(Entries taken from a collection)
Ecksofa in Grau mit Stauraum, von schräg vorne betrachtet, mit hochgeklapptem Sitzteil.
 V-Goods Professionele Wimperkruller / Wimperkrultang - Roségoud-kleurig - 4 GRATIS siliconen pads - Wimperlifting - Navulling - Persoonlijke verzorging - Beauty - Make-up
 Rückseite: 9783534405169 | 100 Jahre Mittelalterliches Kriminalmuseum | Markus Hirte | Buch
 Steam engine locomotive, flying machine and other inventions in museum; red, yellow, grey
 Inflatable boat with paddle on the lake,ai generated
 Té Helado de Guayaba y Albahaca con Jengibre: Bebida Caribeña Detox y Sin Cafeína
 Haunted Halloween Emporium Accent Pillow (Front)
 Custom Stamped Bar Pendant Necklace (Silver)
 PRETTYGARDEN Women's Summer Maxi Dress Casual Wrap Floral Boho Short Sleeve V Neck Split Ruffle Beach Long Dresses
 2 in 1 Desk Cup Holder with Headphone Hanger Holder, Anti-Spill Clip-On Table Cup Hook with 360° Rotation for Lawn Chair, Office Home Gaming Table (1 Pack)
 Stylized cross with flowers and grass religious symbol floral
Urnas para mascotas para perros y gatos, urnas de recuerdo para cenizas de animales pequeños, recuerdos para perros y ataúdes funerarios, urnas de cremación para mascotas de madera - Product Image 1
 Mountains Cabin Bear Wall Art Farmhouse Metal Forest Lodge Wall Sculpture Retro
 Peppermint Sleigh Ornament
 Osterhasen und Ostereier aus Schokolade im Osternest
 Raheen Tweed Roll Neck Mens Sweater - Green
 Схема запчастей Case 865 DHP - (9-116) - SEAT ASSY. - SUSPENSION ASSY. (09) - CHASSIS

§ **WHAT NEEDS TO BE DONE**
Reproduce the entries above in full, so that each one reads exactly as before.

§ **OUTPUT BELOW**
Ecksofa in Grau mit Stauraum, von schräg vorne betrachtet, mit hochgeklapptem Sitzteil.
 V-Goods Professionele Wimperkruller / Wimperkrultang - Roségoud-kleurig - 4 GRATIS siliconen pads - Wimperlifting - Navulling - Persoonlijke verzorging - Beauty - Make-up
 Rückseite: 9783534405169 | 100 Jahre Mittelalterliches Kriminalmuseum | Markus Hirte | Buch
 Steam engine locomotive, flying machine and other inventions in museum; red, yellow, grey
 Inflatable boat with paddle on the lake,ai generated
 Té Helado de Guayaba y Albahaca con Jengibre: Bebida Caribeña Detox y Sin Cafeína
 Haunted Halloween Emporium Accent Pillow (Front)
 Custom Stamped Bar Pendant Necklace (Silver)
 PRETTYGARDEN Women's Summer Maxi Dress Casual Wrap Floral Boho Short Sleeve V Neck Split Ruffle Beach Long Dresses
 2 in 1 Desk Cup Holder with Headphone Hanger Holder, Anti-Spill Clip-On Table Cup Hook with 360° Rotation for Lawn Chair, Office Home Gaming Table (1 Pack)
 Stylized cross with flowers and grass religious symbol floral
Urnas para mascotas para perros y gatos, urnas de recuerdo para cenizas de animales pequeños, recuerdos para perros y ataúdes funerarios, urnas de cremación para mascotas de madera - Product Image 1
 Mountains Cabin Bear Wall Art Farmhouse Metal Forest Lodge Wall Sculpture Retro
 Peppermint Sleigh Ornament
 Osterhasen und Ostereier aus Schokolade im Osternest
 Raheen Tweed Roll Neck Mens Sweater - Green
 Схема запчастей Case 865 DHP - (9-116) - SEAT ASSY. - SUSPENSION ASSY. (09) - CHASSIS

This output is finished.